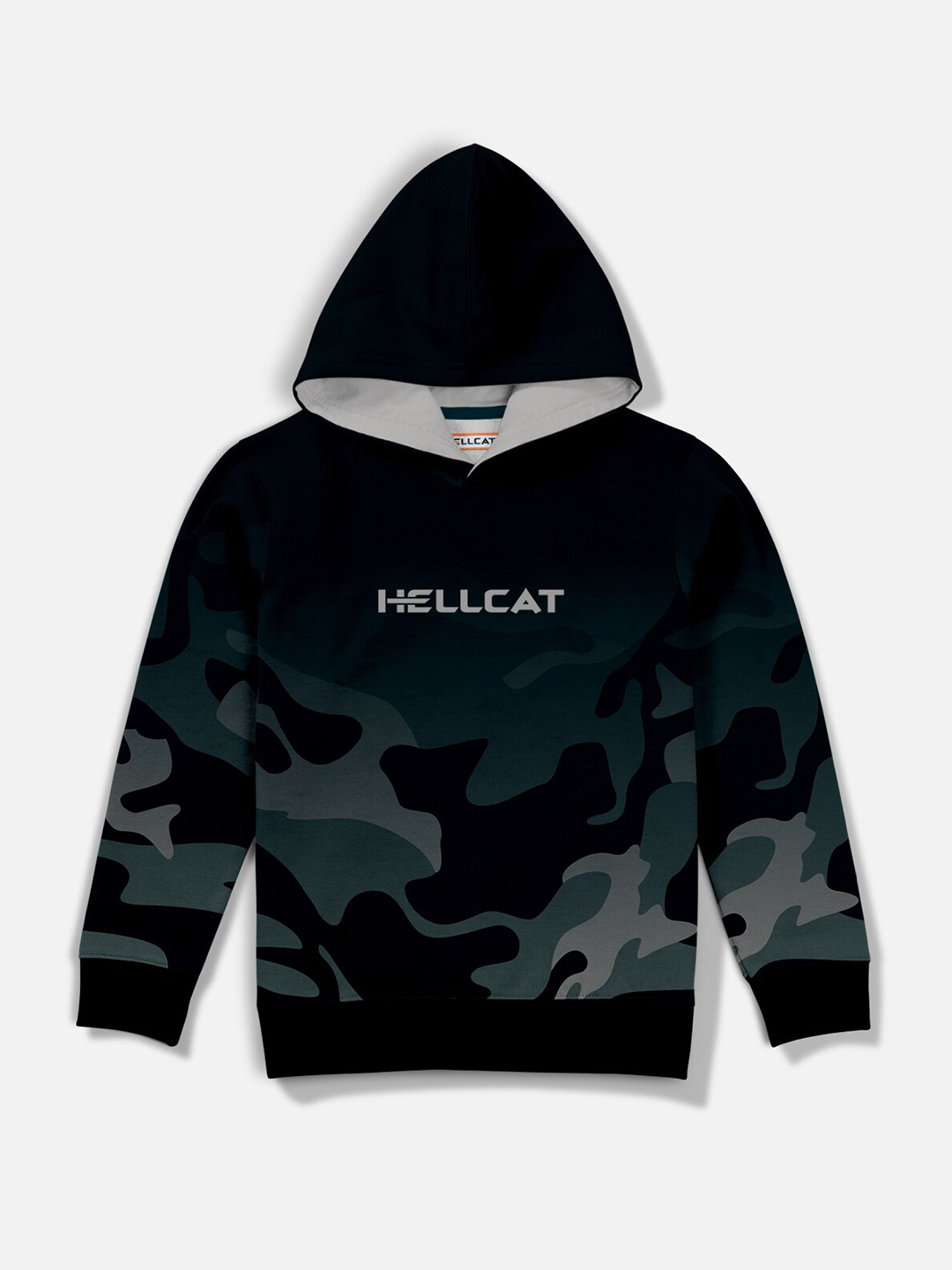 

HELLCAT Boys Navy Blue Printed Hooded Sweatshirt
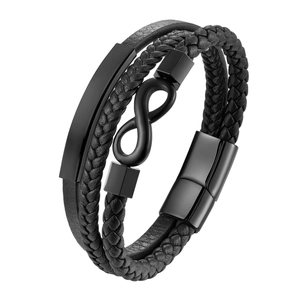 Men's Infinity Symbol Leather Bracelet 316L Stainless Steel Braided Multilayer Wristband Magnetic Clasp Fashion Jewelry Black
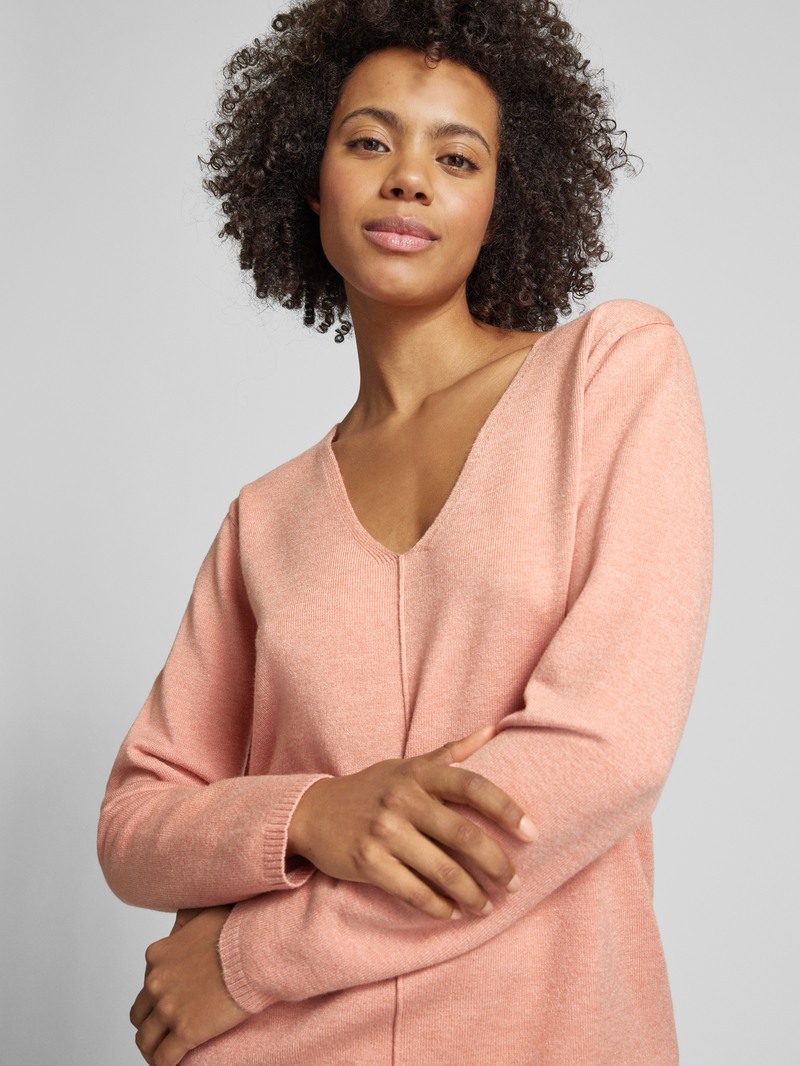 FREE QUENT Gebreide pullover met V-hals model 'Claura'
===
- [Task prompt] Repeat the material above exactly; pictures do not belong in the copy.

- [Result below]
HELLCAT Boys Navy Blue Printed Hooded Sweatshirt
 Men's Infinity Symbol Leather Bracelet 316L Stainless Steel Braided Multilayer Wristband Magnetic Clasp Fashion Jewelry Black
 FREE QUENT Gebreide pullover met V-hals model 'Claura'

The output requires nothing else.